Solved: Re: Log Ingestion Failure by Sourcetype

b17gunnr · ‎02-03-2026

Hello folks,

I have a compliance control requirement to alert when there is a log ingestion failure to Splunk. The desire is to focus at the sourcetype level as opposed to the host level (too many false positives) or index level (loses granularity as sourcetypes increase). The keys to the requirement are to dynamically expand as new sourcetypes come online and Splunk's results must consider the frequency of events on a per sourcetype basis. For example, a generic 4-hour window wouldn't suffice for a sourcetype getting multiple events every second, nor would it be properly handle a sourcetype that receives events once or twice per day.

I've tried the Meta Woot app and while beneficial for other issues, it does not address the control requirements.

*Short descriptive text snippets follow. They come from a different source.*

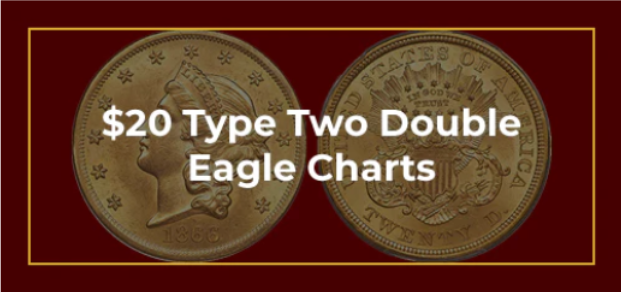 $20 Type Two Double Eagle Charts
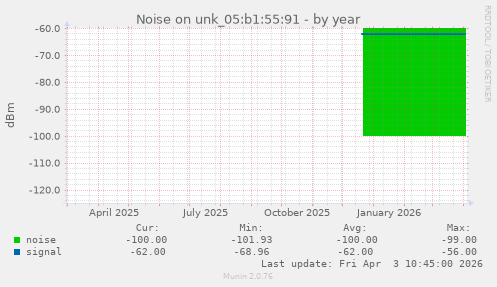 Noise on unk_05:b1:55:91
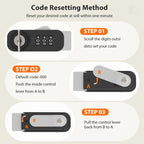 Combination lock reset control panel with lever and numbered keypad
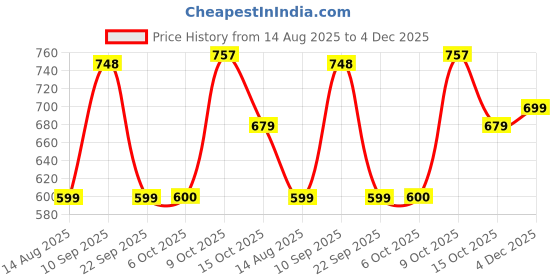 myntra.com ZILVIRA Ethnic Motifs Zari Silk Blend Kanjeevaram Saree zilvira Price History Graph from 14 Aug 2025 to 4 Dec 2025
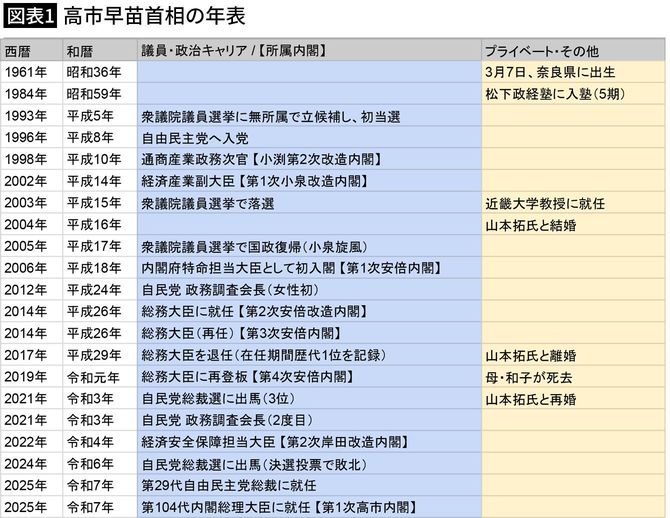 【図表1】高市早苗首相の年表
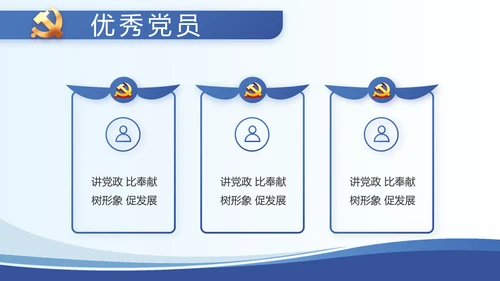 蓝色大气党建党支部述职报告动态PPT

Has anyone developed a query with reasonable performance times, or found another app to handle compliance logging failures that considers the variance in event frequency and not an absolute?

Thanks!

bowesmana · ‎02-04-2026

I hadn't realised they had switched to a licenced model.

The basic idea behind a roll your own technique is to have a lookup file that contains the index and sourcetype and threshold in seconds that you need to see data in - you can create a simple example of all index sourcetype pairs seen in the previous hour and give them a threshold of 10 minutes, e.g. like this

| tstats latest(_time) as last_seen count where index=* earliest=-1h@h latest=@h by index sourcetype
| sort index sourcetype
| table index sourcetype
| eval threshold=600
| outputlookup monitor.csv

Now you have a control set that you use to look for missing data outside the threshold.

Now initialise the results file - makes the SPL easier if all data is present there at the start.

| inputlookup monitor.csv 
| fields - threshold
| eval last_seen=now(), missing_data=0
| outputlookup monitor_results.csv

Then you can run this as a scheduled alert at the frequency you want - this example you can run every minute.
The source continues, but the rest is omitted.